Sharife Cooper only played 12 games for Auburn during the 2020-21 season, but that appears to be enough for him.
The 6-foot-1, 180-pound point guard, a McEachern High School product, announced Friday he would be foregoing the remainder of his college eligibility and making himself eligible for the NBA draft.
“This past year has been nothing short of special — one of the best years of my life coming here to Auburn and being embraced by something that’s bigger than me,” Cooper said in a release on the Auburn athletic website. “It’s hard to imagine what it was like when I was in high school when I wasn’t here yet, but I always couldn’t wait to get here. Being here and being embraced by Auburn and the community is something that I’ll live with forever. Through thick and thin, Auburn and my family have had my back, and I couldn’t be more thankful for that. In times like this, I like to reminisce and just thank the people that have been there since the beginning.
“First and foremost, I would like to thank God. Without him, none of this is possible. I’m just so thankful for people like my mother. She’s been there every step of the way and at every game. I can’t remember a game that she’s missed, whether it was watching it or being there. My dad — it’s hard to pinpoint one thing that I could thank him for. Just being there, being him, the person he is, I couldn’t be more thankful for having someone like that in my life. My brother and my sisters — Te’a, Mia, Omar — I couldn’t be more thankful for them. They’re my rock. To the Auburn staff — Coach (Bruce) Pearl, Coach (Ira) Bowman, Coach (Wes) Flanigan, Coach Steven Pearl, Coach (Damon) Davis and the rest of the staff — they’ve helped me tremendously just getting better, getting stronger and becoming a better player and a better version of myself on the court and off the court. To know in the back of your head that Auburn has your back is a feeling that I can’t explain.
“It was a tough decision, a hard decision, but with that being said, I would like to declare for the 2021 NBA Draft and hire an agent. I’m forever grateful to be a part of the Auburn Family. If I had to make the decision a million more times, I’d pick Auburn every time. War Eagle.”
The season had a tumultuous start as Cooper missed Auburn’s first 11 games due amid an NCAA investigation into his eligibility, but when he finally saw the court, he made an immediate impact. Cooper made his debut Jan. 9 against archrival Alabama and put up 26 points, nine assists, four rebounds and three steals.
Cooper set a career high for points in the next game when he scored 28 in a game at Georgia, and later matched it against Missouri.
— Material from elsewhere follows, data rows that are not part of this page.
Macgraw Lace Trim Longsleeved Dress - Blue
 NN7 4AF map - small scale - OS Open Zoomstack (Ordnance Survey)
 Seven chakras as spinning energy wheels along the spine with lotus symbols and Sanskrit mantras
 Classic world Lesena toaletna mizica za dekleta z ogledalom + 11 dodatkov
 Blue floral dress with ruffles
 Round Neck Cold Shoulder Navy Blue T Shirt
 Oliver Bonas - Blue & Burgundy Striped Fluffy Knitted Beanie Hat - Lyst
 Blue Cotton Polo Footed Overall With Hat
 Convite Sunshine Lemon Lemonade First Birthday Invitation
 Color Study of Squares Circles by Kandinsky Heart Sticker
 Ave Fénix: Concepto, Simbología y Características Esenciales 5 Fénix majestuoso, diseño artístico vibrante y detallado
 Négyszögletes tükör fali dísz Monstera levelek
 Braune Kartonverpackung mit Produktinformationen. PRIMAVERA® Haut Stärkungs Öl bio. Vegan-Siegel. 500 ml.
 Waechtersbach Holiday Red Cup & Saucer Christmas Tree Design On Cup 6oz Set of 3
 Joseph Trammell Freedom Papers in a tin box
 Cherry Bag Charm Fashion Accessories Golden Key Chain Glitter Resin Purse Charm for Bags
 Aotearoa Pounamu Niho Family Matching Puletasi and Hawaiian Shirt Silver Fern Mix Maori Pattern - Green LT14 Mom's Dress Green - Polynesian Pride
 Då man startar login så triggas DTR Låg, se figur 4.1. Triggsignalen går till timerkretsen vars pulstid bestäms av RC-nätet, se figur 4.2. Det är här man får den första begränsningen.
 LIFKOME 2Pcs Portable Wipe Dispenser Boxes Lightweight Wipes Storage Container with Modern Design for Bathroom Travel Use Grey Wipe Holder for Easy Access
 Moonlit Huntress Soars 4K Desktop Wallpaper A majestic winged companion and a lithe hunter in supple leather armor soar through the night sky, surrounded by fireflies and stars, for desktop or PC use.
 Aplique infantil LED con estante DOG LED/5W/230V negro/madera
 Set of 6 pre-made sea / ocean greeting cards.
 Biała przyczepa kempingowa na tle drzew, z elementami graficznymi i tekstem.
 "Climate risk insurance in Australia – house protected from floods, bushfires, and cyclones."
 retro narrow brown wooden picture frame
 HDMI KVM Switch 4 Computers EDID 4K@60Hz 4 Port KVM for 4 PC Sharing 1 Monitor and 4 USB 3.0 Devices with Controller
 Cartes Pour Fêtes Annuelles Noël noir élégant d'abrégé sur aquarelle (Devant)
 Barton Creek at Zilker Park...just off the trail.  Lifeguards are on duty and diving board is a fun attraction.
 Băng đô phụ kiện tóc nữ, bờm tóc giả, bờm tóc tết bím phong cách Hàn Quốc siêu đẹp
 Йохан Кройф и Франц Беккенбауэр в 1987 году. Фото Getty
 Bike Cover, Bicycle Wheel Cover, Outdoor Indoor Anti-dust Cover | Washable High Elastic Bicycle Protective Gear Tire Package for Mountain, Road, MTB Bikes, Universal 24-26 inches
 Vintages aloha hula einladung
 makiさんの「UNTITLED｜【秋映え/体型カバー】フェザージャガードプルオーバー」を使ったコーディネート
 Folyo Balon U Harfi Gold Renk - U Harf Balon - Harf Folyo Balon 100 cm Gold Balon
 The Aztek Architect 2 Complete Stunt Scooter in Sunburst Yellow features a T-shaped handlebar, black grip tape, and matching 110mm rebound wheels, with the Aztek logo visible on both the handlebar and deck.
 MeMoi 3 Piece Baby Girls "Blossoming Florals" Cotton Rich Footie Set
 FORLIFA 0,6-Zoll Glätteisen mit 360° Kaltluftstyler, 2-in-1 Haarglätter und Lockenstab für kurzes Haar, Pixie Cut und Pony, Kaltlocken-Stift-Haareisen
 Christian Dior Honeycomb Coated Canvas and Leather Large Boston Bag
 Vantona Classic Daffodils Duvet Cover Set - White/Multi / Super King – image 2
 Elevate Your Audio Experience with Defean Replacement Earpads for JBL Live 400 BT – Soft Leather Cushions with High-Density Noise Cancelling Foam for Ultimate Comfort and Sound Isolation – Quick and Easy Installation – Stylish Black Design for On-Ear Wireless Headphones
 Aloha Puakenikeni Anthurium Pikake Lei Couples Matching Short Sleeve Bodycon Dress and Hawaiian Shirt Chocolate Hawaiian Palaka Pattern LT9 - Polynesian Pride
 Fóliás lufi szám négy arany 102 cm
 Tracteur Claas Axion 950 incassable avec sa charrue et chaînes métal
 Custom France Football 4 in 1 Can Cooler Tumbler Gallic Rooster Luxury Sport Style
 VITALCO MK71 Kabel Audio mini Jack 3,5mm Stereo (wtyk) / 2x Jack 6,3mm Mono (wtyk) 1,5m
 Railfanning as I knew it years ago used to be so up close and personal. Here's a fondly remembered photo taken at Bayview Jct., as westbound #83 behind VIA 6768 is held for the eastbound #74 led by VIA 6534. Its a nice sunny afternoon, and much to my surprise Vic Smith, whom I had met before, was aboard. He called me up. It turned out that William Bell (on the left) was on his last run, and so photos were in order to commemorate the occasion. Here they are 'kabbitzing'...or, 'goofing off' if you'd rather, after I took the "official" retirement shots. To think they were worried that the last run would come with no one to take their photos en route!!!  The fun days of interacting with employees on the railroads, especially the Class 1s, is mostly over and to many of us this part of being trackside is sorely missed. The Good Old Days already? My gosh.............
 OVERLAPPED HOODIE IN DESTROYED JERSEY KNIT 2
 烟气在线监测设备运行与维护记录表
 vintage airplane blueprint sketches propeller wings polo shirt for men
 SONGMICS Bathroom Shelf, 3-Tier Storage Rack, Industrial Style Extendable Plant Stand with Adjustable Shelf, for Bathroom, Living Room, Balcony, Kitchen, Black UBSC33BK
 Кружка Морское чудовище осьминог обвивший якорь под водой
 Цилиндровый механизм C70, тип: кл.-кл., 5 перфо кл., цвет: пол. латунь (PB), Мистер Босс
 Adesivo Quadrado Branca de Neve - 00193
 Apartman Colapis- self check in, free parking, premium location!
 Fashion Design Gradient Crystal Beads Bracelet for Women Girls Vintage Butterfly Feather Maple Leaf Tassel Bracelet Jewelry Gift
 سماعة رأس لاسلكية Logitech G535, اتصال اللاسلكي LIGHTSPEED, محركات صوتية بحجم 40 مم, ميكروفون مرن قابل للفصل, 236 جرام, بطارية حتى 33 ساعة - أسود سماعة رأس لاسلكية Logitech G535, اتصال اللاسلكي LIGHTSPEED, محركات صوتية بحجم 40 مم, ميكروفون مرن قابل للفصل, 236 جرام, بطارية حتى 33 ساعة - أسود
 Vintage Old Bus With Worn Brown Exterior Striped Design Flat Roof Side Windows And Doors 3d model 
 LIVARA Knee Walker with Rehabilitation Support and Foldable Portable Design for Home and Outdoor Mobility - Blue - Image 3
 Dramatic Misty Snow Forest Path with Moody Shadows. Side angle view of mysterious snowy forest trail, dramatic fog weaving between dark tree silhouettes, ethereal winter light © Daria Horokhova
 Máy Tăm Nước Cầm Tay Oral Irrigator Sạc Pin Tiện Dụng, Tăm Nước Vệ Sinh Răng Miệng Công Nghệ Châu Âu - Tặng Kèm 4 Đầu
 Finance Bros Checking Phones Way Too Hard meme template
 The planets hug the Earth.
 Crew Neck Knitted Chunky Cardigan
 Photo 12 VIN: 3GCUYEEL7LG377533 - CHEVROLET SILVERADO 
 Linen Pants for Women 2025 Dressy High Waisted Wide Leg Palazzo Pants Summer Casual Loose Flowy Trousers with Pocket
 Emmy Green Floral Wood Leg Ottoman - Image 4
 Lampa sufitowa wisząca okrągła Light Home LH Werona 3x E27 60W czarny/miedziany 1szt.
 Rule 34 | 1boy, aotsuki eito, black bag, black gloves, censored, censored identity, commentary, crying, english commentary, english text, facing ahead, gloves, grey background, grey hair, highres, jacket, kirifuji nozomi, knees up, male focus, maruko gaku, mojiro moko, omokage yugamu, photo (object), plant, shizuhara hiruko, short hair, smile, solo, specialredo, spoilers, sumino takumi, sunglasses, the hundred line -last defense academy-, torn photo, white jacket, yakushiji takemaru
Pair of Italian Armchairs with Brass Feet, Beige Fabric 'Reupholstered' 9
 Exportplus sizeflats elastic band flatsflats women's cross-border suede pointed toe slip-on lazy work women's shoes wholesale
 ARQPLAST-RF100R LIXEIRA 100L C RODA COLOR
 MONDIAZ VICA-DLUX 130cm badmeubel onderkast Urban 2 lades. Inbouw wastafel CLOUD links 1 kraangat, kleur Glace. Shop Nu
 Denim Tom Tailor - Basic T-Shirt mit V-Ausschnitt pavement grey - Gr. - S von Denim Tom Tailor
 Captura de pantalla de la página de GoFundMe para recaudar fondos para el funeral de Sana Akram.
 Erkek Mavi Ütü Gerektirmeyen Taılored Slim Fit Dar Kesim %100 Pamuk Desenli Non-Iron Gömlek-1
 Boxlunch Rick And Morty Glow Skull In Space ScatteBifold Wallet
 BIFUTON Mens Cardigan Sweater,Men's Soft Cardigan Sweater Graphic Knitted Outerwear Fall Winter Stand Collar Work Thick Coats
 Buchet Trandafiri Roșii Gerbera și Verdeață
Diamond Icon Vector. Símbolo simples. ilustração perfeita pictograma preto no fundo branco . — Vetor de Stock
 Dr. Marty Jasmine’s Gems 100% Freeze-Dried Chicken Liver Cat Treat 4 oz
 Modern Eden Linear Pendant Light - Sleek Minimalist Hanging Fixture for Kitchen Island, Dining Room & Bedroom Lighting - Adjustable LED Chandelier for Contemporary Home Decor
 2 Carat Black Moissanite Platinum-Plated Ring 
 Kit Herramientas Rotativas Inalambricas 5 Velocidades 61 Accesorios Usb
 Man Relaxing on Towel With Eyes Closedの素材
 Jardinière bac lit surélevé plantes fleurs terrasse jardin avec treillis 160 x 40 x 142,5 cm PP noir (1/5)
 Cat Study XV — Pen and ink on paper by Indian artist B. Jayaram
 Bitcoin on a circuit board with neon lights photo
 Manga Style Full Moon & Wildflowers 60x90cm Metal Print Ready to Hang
For the season, he averaged 20.2 points, 8.1 assists and 4.3 rebounds per game.
“His character and his hard work clearly shined through his lone season with us,” Auburn coach Bruce Pearl said in the release. “After missing 72 days of practice, he started his first game against Alabama and put up 26 points and nine assists to help us take the would-be SEC champions down to the wire. He is a once-in-a-generation point guard who has an uncanny ability to score and help others score. I’m proud of him, and he’ll always be an Auburn Tiger.”
Cooper’s ball-handling skills have caught the attention of the NBA scouts, and it is reported he could be one of the lottery selections during the draft July 29.
If Cooper is a lottery pick, it would mark the second straight year a former McEachern and Auburn standout goes in the top half of the first round. Last year, Isaac Okoro was taken with the overall fifth pick by the Cleveland Cavaliers.
Cooper, a five-star recruit, teamed with Okoro to help McEachern to an undefeated 2018-19 season, which brought the program its first state championship. During that year, Cooper was named the USA Today Boys High School Player of the Year and a Sports Illustrated first-team All-American.
Cooper is also looking to follow in the footsteps of his sister, Te’a, who was the 18th overall pick of the 2020 WNBA draft out of Baylor by the Phoenix Mercury. Te’a Cooper ultimately played the 2021 WNBA season with the Los Angeles Sparks.